Professionally, Dr. Michael Claussner was a psychologist who counseled adults, couples and adolescents. He had offices in both Eagle and Eagle-Vail. But when his wife, Ann Marie Sanders, gave birth to the couple’s now-teenage son Evan, Mike decided to be a stay-at-home dad. For many years Evan and Mike were frequently spotted around town ” at the library or the coffee shop. As his son grew older, Mike and Evan branched out to hiking and other outdoor adventures.
“When Evan was competing in freestyle, Mike would wear this crazy, big, old hat. There he would be, screaming for Evan,” said family friend Elizabeth James.
James said Mike was always out with the boys ” Evan and his buddies.
“To the kids, Mike was like everyone’s big bother. More like a playmate than a dad,” said Pete Brandes of Eagle.

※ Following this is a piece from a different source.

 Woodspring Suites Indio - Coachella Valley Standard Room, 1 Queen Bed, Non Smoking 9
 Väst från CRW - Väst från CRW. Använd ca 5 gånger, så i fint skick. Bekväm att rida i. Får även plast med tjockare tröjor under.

The Brandes family ” Pete and his wife Jane and children Katy and Henry ” were solid friends of the Claussner clan. The two families spent holidays and traveled the globe together. When the Brandes family spent a year as missionaries in Tanzania, Africa, the Claussners visited. After that trip, Mike and Ann Marie decided to sponsor one of the local girls and they committed to financing her education.

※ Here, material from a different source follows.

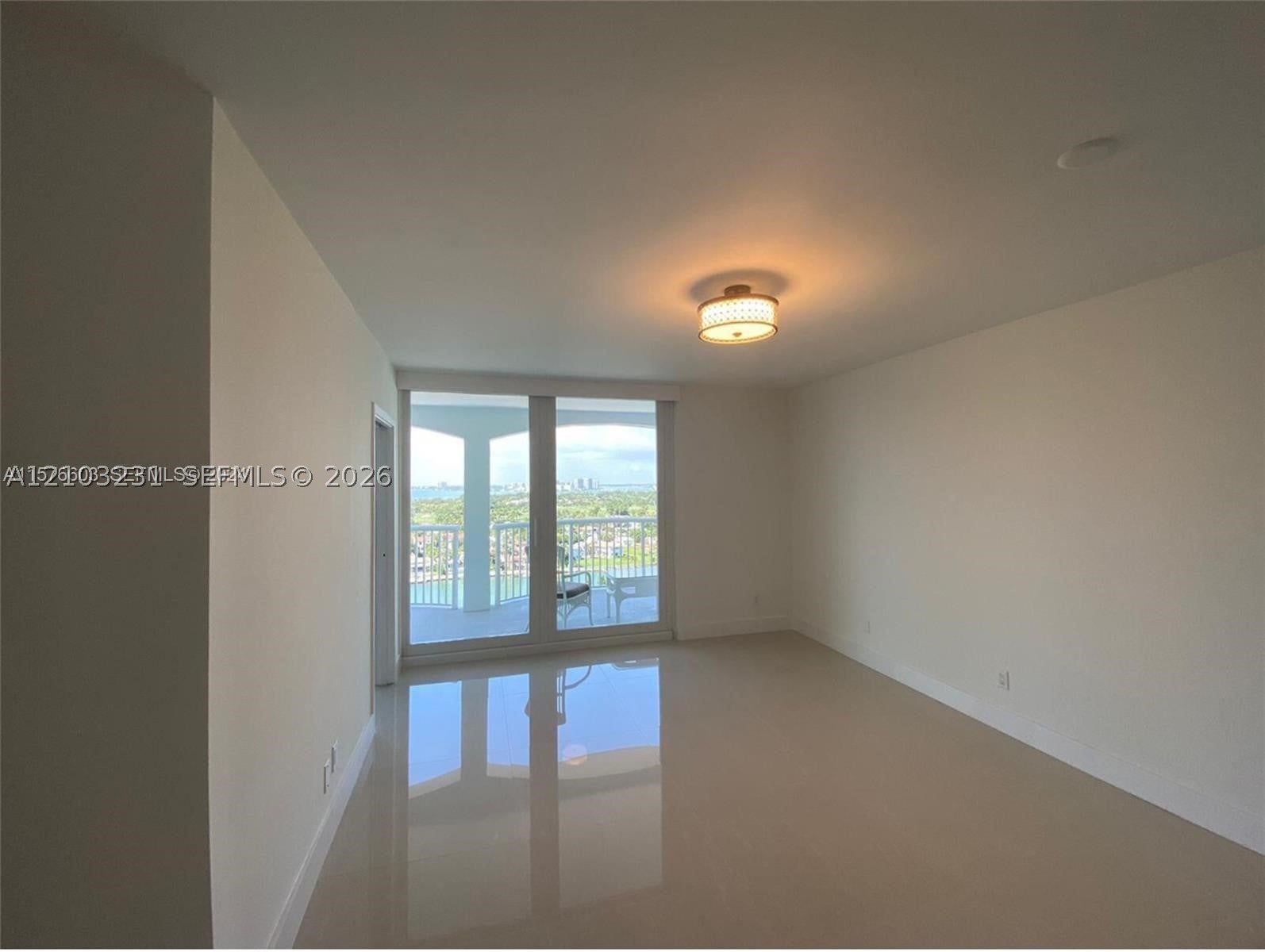 5401 Collins Ave 1229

“That was a very important thing for that particular girl,” said Brandes.
Mike also stepped in to help out with kids closer to home.
For many years, Brandes worked long, emergency services shifts with an erratic schedule. “Mike was Henry’s dad when I wasn’t there,” says Brandes. “Evan and Henry are like brothers.”
In addition to friends and family, Mike had a great love for Fulford, the abandoned historic mining town that is now home to vacation cabins. Mike built his own dwelling there.
“I will always think of campfires up at Fulford and Mike telling stories. He loved being at Fulford so much,” says James.
Brandes said he spent the day with Mike on Saturday, watching their boys play lacrosse in Grand Junction. Brandes said Mike had purchased a 100-pound bag of bird seed and was excited about taking it up to Fulford. Brandes, like so many of Mike’s friends, was shocked to learn about his death Sunday as he was snowmobiling home.
“It’s a loss to the whole community, it really is. Mike did a lot of things for people here,” said Brandes.